Setengah dari pengguna obat penghilang rasa sakit dalam penelitian ini bahkan tidak pernah mencoba untuk mengikuti program pengobatan penyalahgunaan zat, demikian temuan laporan tersebut.
Lebih lanjut tentang ini…
“Sembilan dari 10 anak muda yang mendapat manfaat dari pengobatan kecanduan tidak memiliki akses terhadap pengobatan tersebut,” kata penulis senior Brandon Marshall, ahli epidemiologi di Brown University School of Public Health di Providence, Rhode Island, dalam sebuah wawancara telepon. “Kita perlu memastikan bahwa ketika anak muda mencari pengobatan tersebut, pengobatan tersebut tersedia.”
Marshall dan rekannya mempelajari 200 remaja Rhode Island berusia 18 hingga 29 tahun yang menggunakan resep opioid untuk alasan nonmedis dalam sebulan terakhir.
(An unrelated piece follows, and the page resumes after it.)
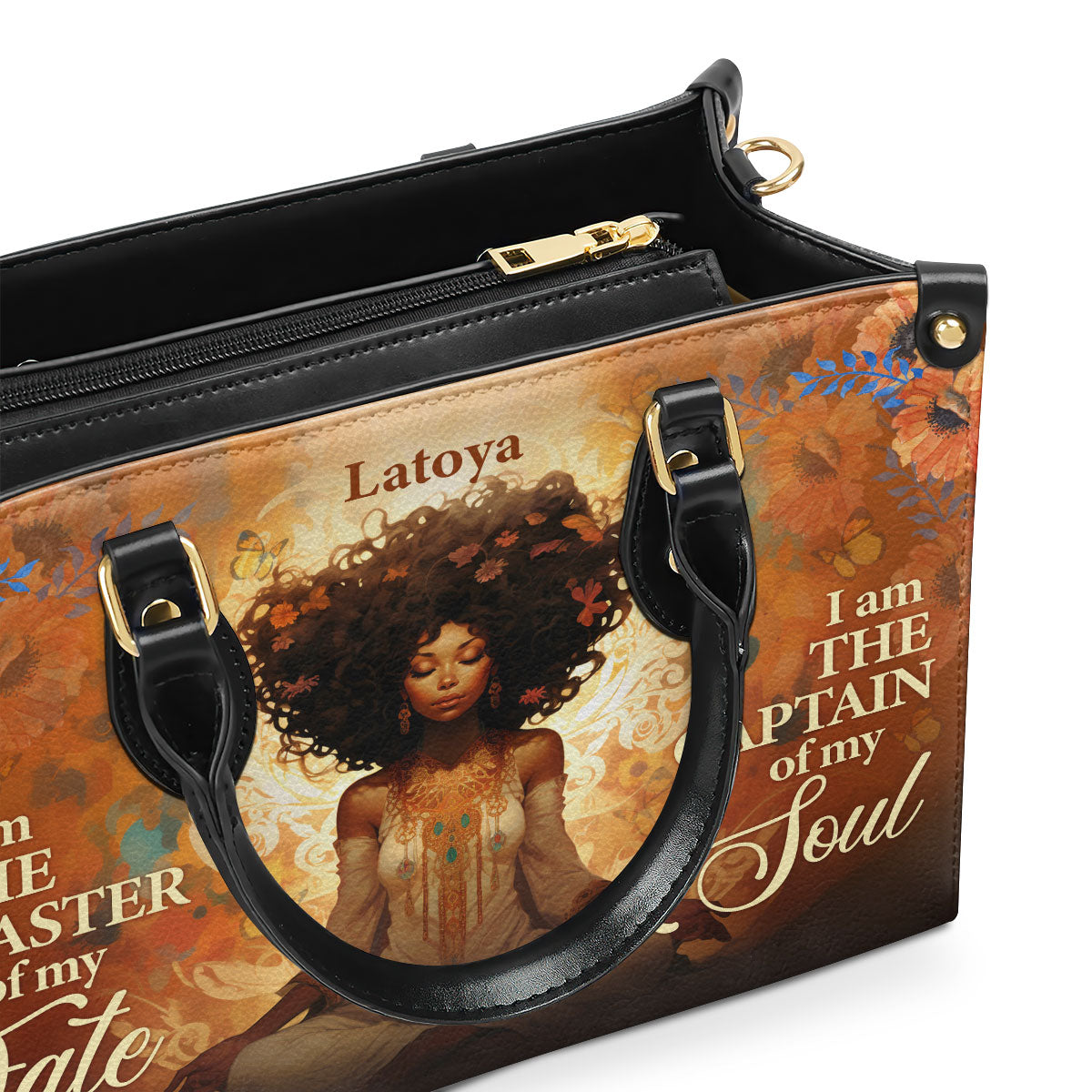 I Am The Master Of My Fate - Personalized Leather Handbag STB56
Lebih dari separuh peserta pernah menjadi tunawisma. Namun sebagian besar, yaitu lebih dari 87 persen, memiliki asuransi kesehatan. Rhode Island memiliki salah satu tingkat perlindungan asuransi tertinggi di negara ini, menurut laporan dalam Perawatan, Pencegahan, dan Kebijakan Penyalahgunaan Zat.
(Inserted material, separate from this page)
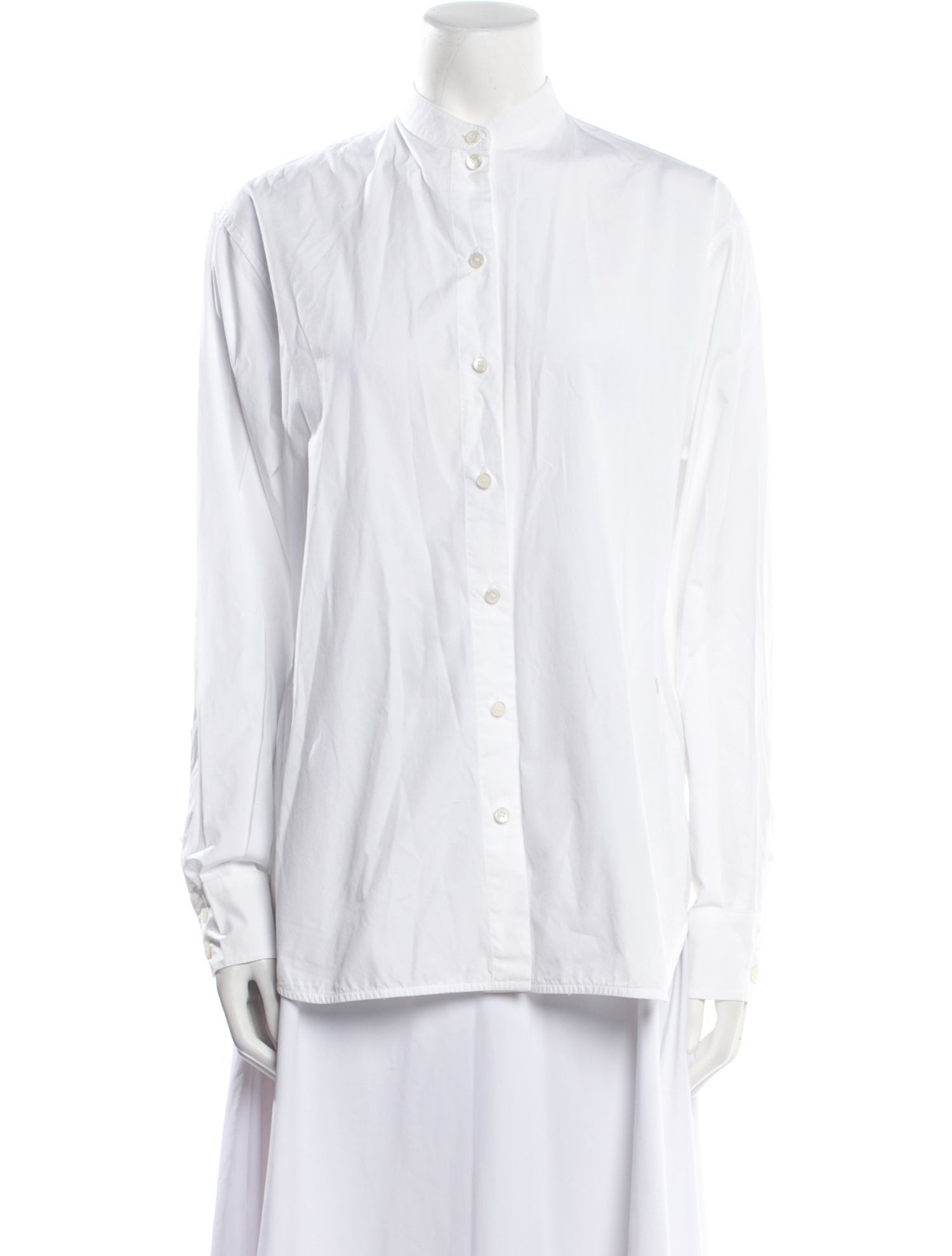 Carolina Herrera Mock Neck Long Sleeve Button-Up Top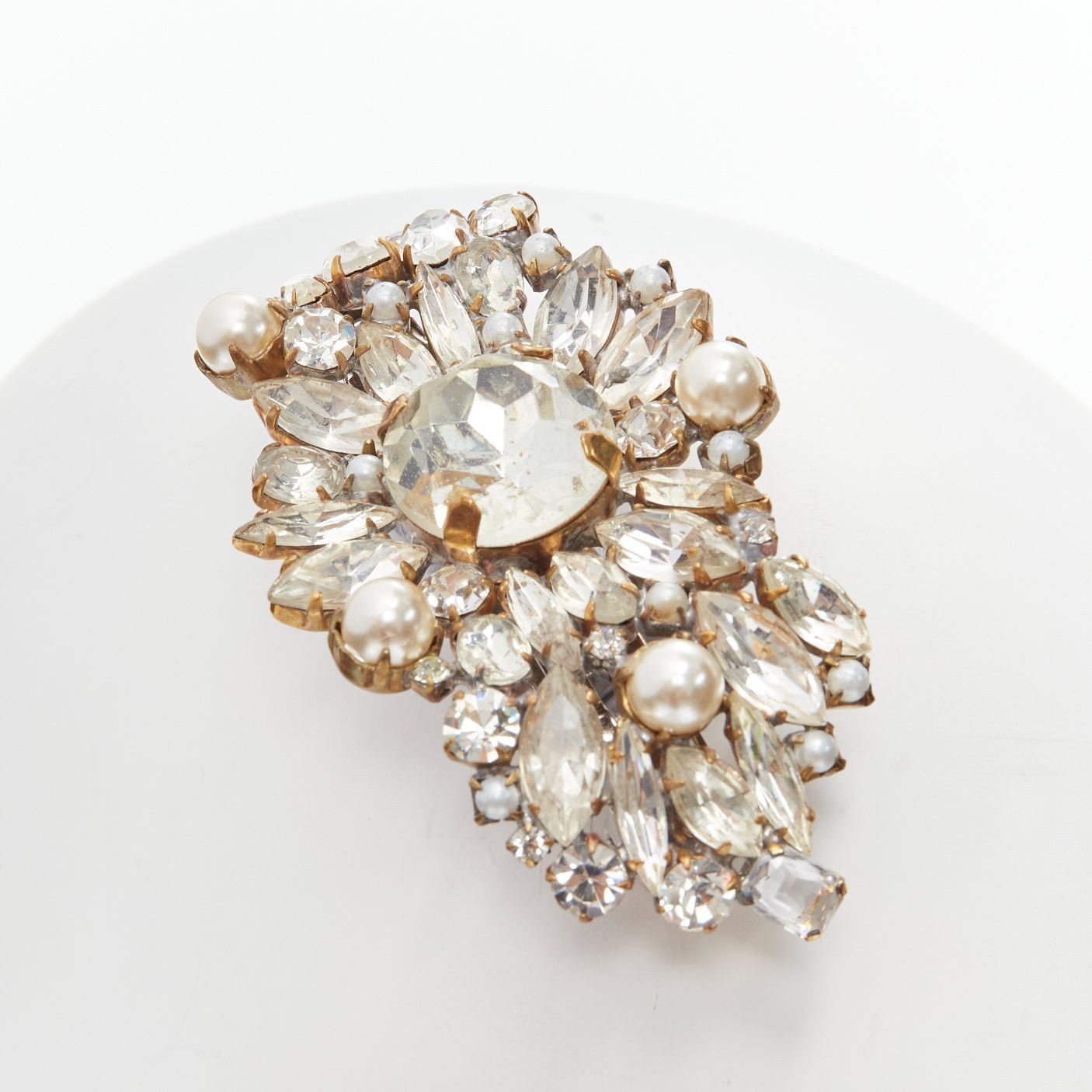 Meadham Kirchhoff rare MEADHAM KIRCHHOFF Lilien Czech Runway crystals pearl bronze oversized hairclips Size ONE SIZE - 2 Thumbnail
Namun demikian, lebih dari separuh pengguna opioid yang mencoba namun gagal untuk mendaftar dalam program pengobatan mengatakan kepada pewawancara bahwa asuransi kesehatan mereka tidak memberikan akses kepada mereka. Sebanyak 40 persen lainnya melaporkan bahwa mereka tidak dapat mendaftar karena tidak mampu membiayainya.
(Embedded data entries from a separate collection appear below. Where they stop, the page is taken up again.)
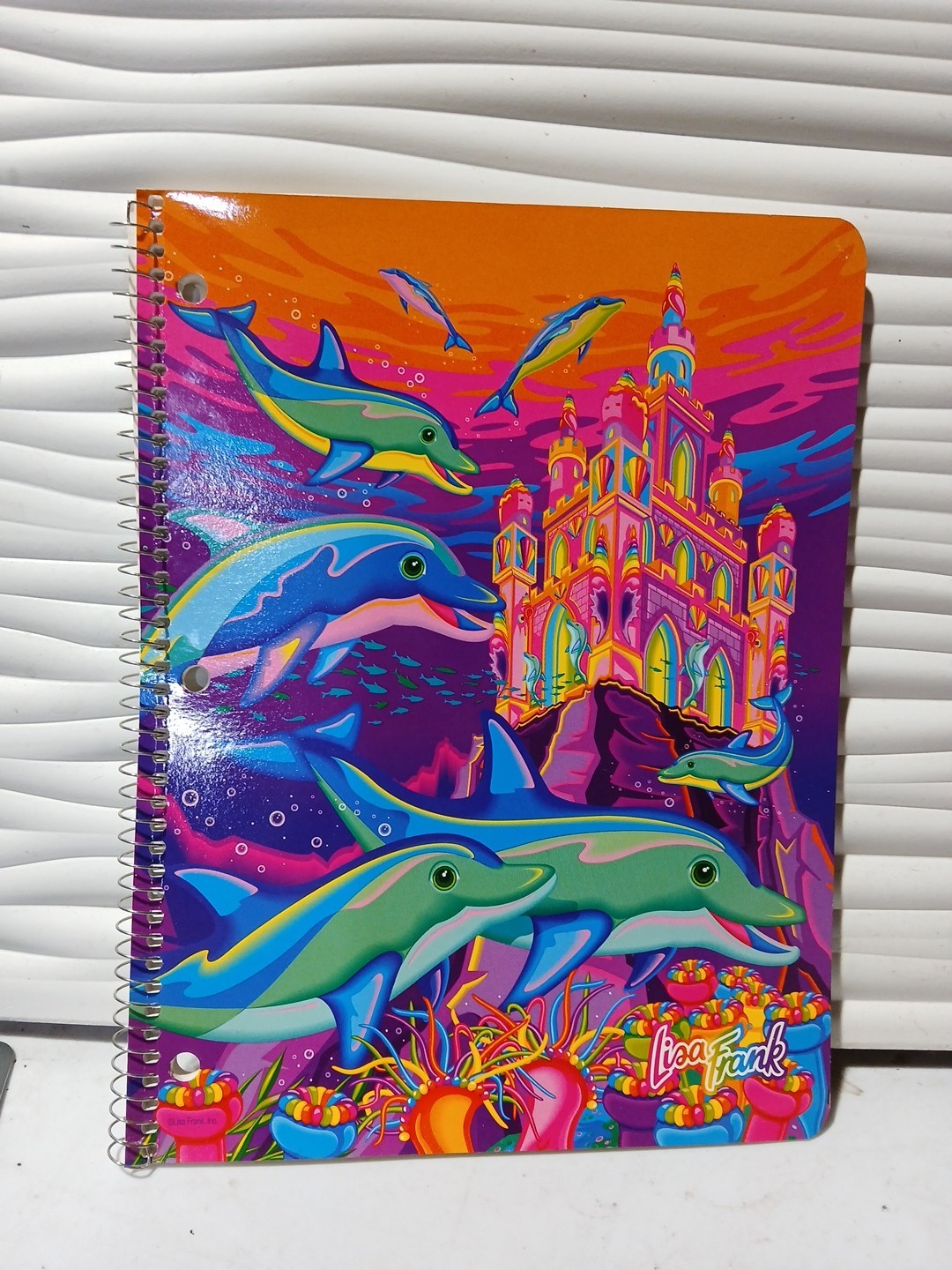 Vintage Early 1990’s Lisa Frank Dancing Dolphins Spiral Notebook 10.5 in x 8 in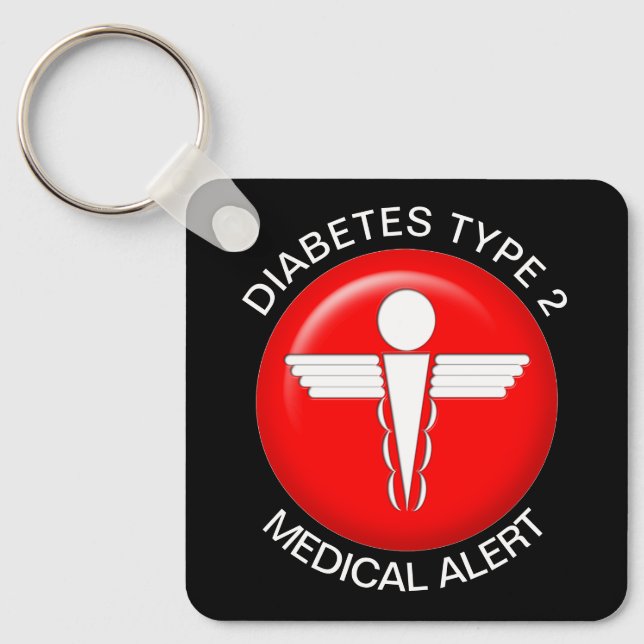 Diabetes Type 2 medical alert Keychain (Front)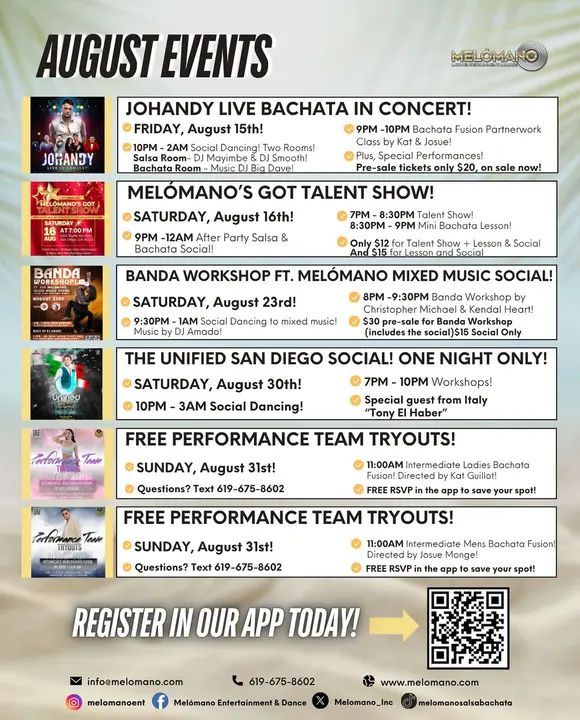 🔥 August continues with the hottest events of the summer!✨ Which one are you coming to? 👀 💃🕺 📅 AUGUST EVENTS 🌟THIS FRIDAY-DONT MISS It ⬇️ 🎤 Friday, Aug. 15 – Johandy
Hambatan terbesar bagi mereka yang menolak pengobatan adalah daftar tunggu.
Dipicu oleh penyalahgunaan obat penghilang rasa sakit yang diresepkan, kematian akibat overdosis obat di AS mencapai rekor pada tahun 2014, meningkat menjadi 47.055, meningkat 6,5 persen dari tahun sebelumnya, menurut Pusat Pengendalian dan Pencegahan Penyakit.
Caleb Alexander, direktur asosiasi Pusat Keamanan dan Kemanjuran Obat Johns Hopkins di Baltimore, menggambarkan hasil penelitian baru ini sebagai “cukup meresahkan” dalam sebuah wawancara telepon.
“Studi ini merupakan pengingat akan kesenjangan besar yang ada antara pasokan dan permintaan layanan pengobatan kecanduan opioid,” katanya.
“Ini bukan hanya tentang kurangnya asuransi, meskipun hal ini penting. Ini juga tentang masalah ketidakpercayaan dan stigma serta hambatan struktural, seperti tunawisma,” kata Alexander, yang tidak terlibat dalam penelitian ini.
Penelitian sebelumnya menemukan bahwa daftar tunggu yang panjang merupakan hambatan paling umum bagi kaum muda untuk mendapatkan pengobatan narkoba dan alkohol. Pecandu yang mempertimbangkan program pengobatan bisa menunggu lebih dari dua bulan di AS, menurut studi baru.
Perawatan dengan bantuan obat-obatan dengan metadon, buprenorfin, atau naltrexone dapat secara efektif mengobati gangguan penggunaan opioid, tulis tim peneliti. Namun hanya 1 dari 10 remaja dengan gangguan penggunaan narkoba menerima pengobatan.
“Herniches di berbagai tingkat menyebabkan kebutuhan layanan yang sangat tidak terpenuhi,” kata Alexander. “Studi ini menyoroti masalah yang telah dijelaskan dengan baik dan menggarisbawahi upaya serius yang perlu dilakukan untuk meningkatkan aksesibilitas pengobatan bagi mereka yang mengalami gangguan penggunaan opioid.”
Bulan lalu, ahli bedah umum AS mengeluarkan seruan untuk mengambil tindakan untuk mengakhiri epidemi penyalahgunaan narkoba dengan laporan pertama yang ia bandingkan dengan laporan penting tahun 1964 tentang merokok.
Sejak 2009, lebih banyak orang Amerika yang meninggal setiap tahunnya karena overdosis opioid dibandingkan karena kecelakaan mobil. Pada tahun 2015, lebih dari 27 juta orang Amerika dilaporkan menggunakan obat-obatan terlarang atau menyalahgunakan obat resep.